"La Vie Hospitalière"

mardi 14 mai 2019

Discriminations, délais, refus de soins : les étrangers malades confrontés à un accès aux soins difficile, dénonce le Défenseur des droits

Difficultés d'accès aux soins ou à la protection sociale, droits fragiles : la prise en charge des étrangers malades est loin d'être satisfaisante, révèle le rapport « Personnes malades étrangères : des droits fragilisés, des protections à renforcer » du Défenseur des droits publié ce lundi. 

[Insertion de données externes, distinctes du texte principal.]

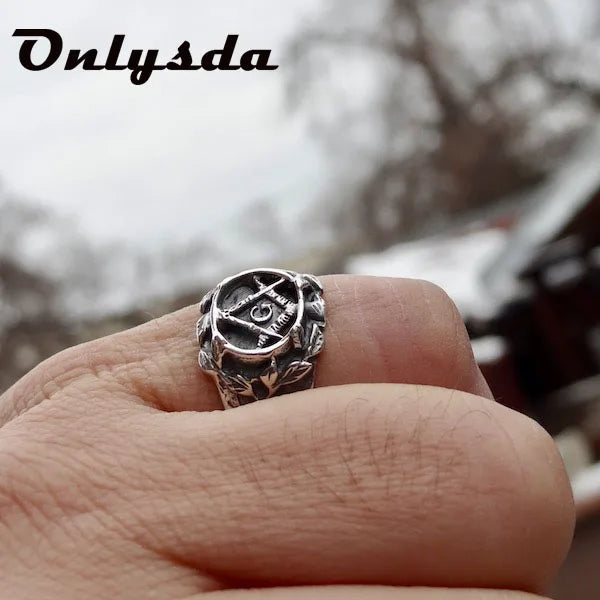 Stainless Steel Men Masonic Ring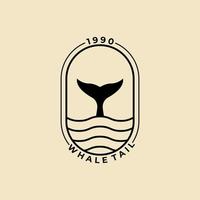 disegno dell'illustrazione vettoriale della linea del logo del distintivo dell'icona della coda di balena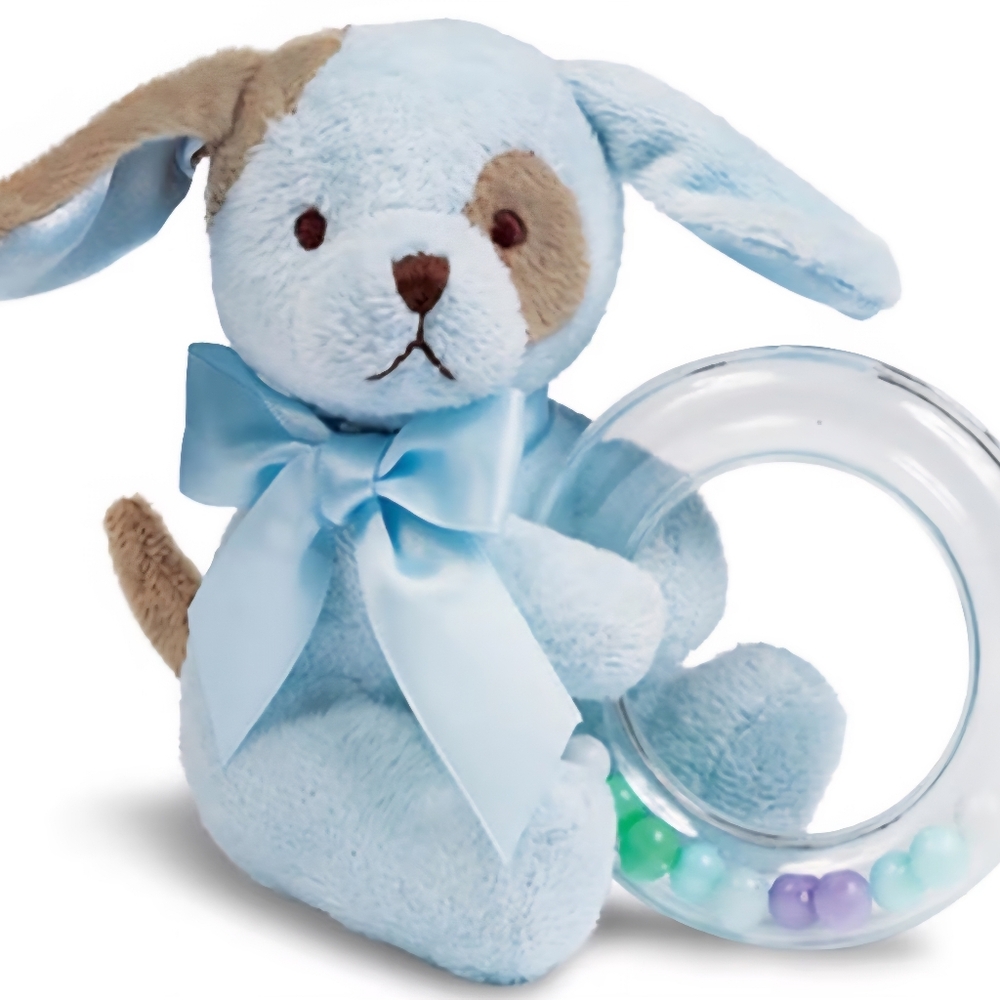 Bearington Baby Plush Doggie Rattle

Jacques Toubon épingle en particulier des « pratiques illégales », exagérément restrictives ou trop complexes, dans l'accès aux titres de séjour pour soins, proches de situations détaillées dans son rapport de 2016.
Le rapport fait état d'une forte augmentation des réclamations en matière de défense des droits des personnes malades étrangères. Un constat éloigné des « idées préconçues » selon lesquelles la France serait « trop généreuse » et que le système de santé serait « à l'origine d'un appel d'air ». Les statistiques en témoignent : sur 225 500 titres de séjours délivrés à l'issue d'une première demande en 2018, 4 310 l'étaient pour raisons médicales, soit moins de 2 %. La fraude ne concerne que 1 % des dossiers.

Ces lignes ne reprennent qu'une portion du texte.